If you’re a parent, you’ll know the excitement and challenge of raising little humans is a constant struggle. One thing tends to follow the other in quick succession just when you think you have hit a groove. When I was a new mom, I thought, “things will get better when my breasts adjust to the suckling.” When that happened I thought, “things will get easier when my baby’s colic goes away.” But right after that, I started back at work full-time and I thought, “things will surely smoothen out when I adjust to the workload of full-time corporate and full-time mom.” But after 6 months, I still hadn’t adjusted and started wondering, “maybe it’s the breastfeeding and pumping. Maybe things will feel simpler when I’m done with that.” Then my son turned 1, and I finished my last pump, and I thought, “yes, now we’re adjusting nicely.” But not even 2 months later, I found myself pregnant with #2, while my toddler began an early onset version of the terrible twos.
Now, our son is 21 months old and has officially hit the “tantrum” stage, and we are literally 2-4 weeks away from popping out our second. So, I thought it might be helpful to list what I consider to be my personal, official Toddler Mama Survival Guide.
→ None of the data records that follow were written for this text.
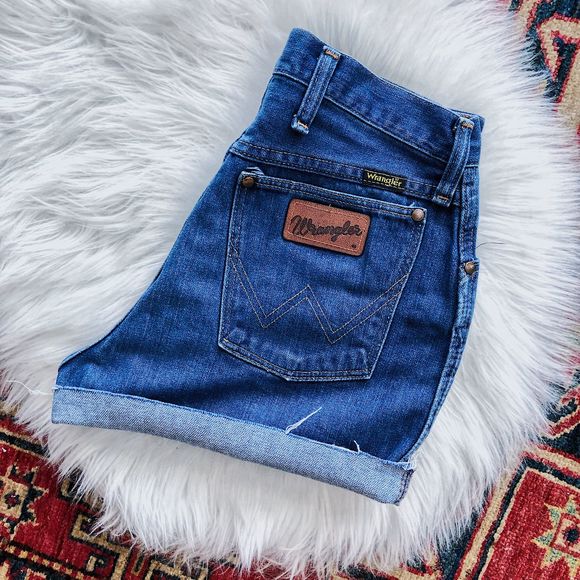 Wrangler Pants - WRANGLER VINTAGE HIGH WAIST DENIM SHORTS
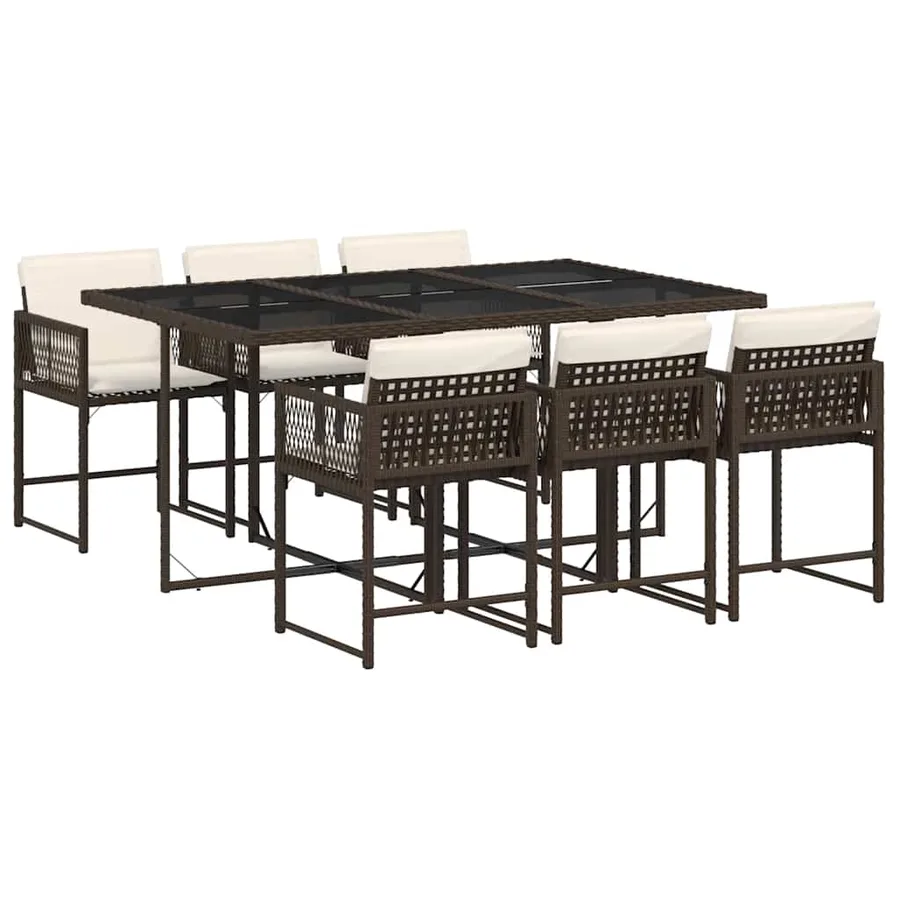 Ensemble à manger de jardin et coussins 7 pcs marron rotin - 2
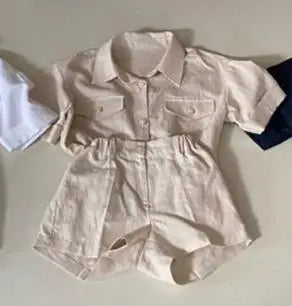 半袖セットアップ apricot / 12M 80cm キッズセットアップ 2点セット 半袖サファリシャツ+ショートパンツ シンプルベーシック 3カラー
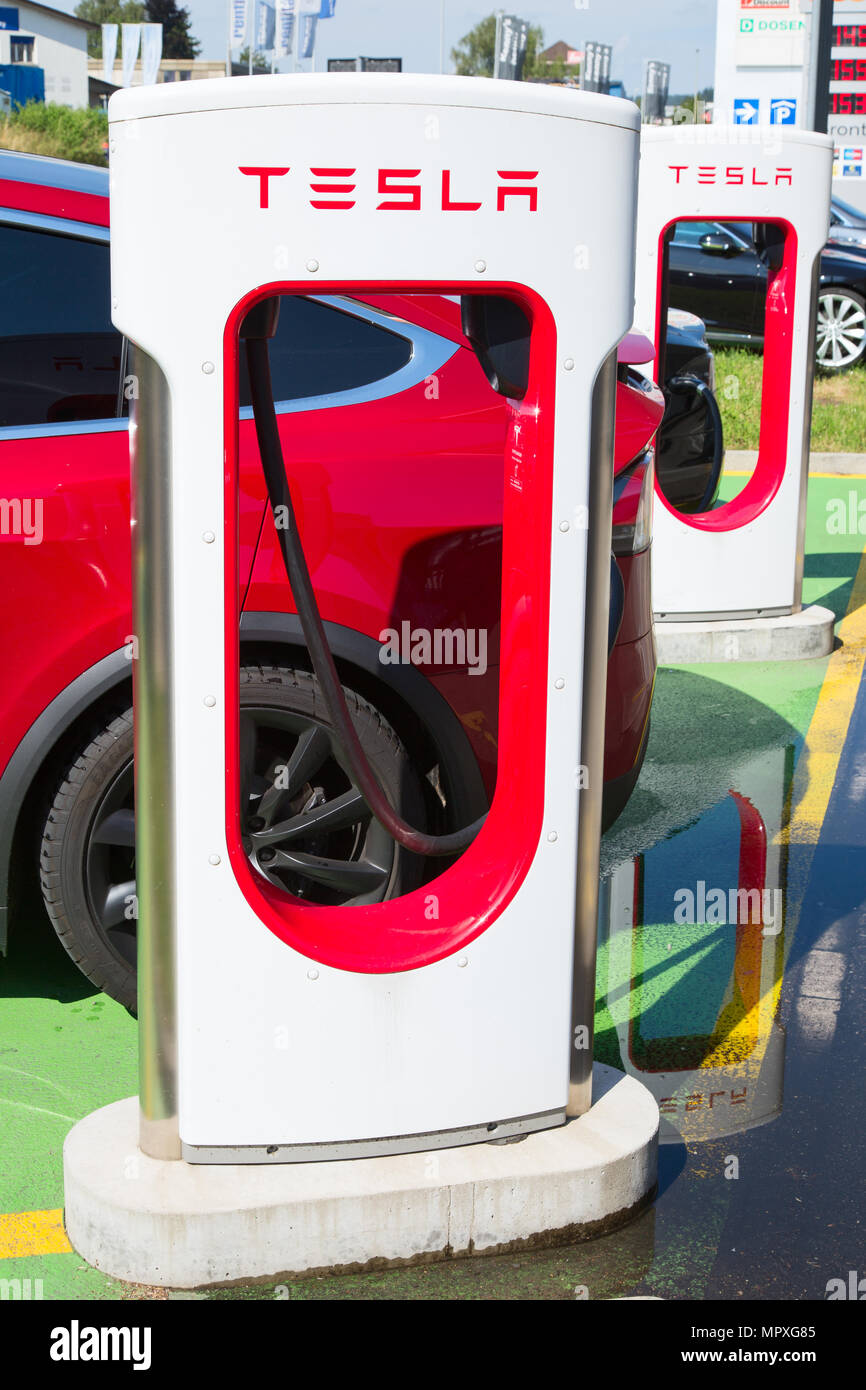 ZURICH July 30 Tesla Supercharger station on July 22, 2017 in Zurich
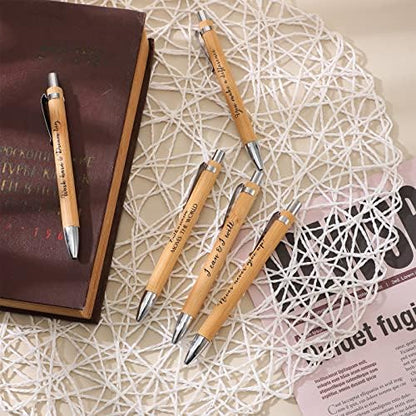 Fulmoon 100 Pcs Employee Appreciation Bamboo Pens with Inspirational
ONE: Get ready to dive right in.
As fair warning, I will be using key scuba diving principles to illustrate my point. As a first piece of advice, basically my philosophy is: dive.right.in. I know sometimes the water looks deep and a little bit scary (toddler’s first tantrum in public complete with flailing arms and planking on the floor in protest?), or the shore entry seems impossibly rocky with all that equipment on your back (first day to leave the little one all alone at playgroup?)…but really the best way is to just dive in. You will (almost always) find that once you’re finally in the water, things will be fine if you just breathe steady, and keep swimming.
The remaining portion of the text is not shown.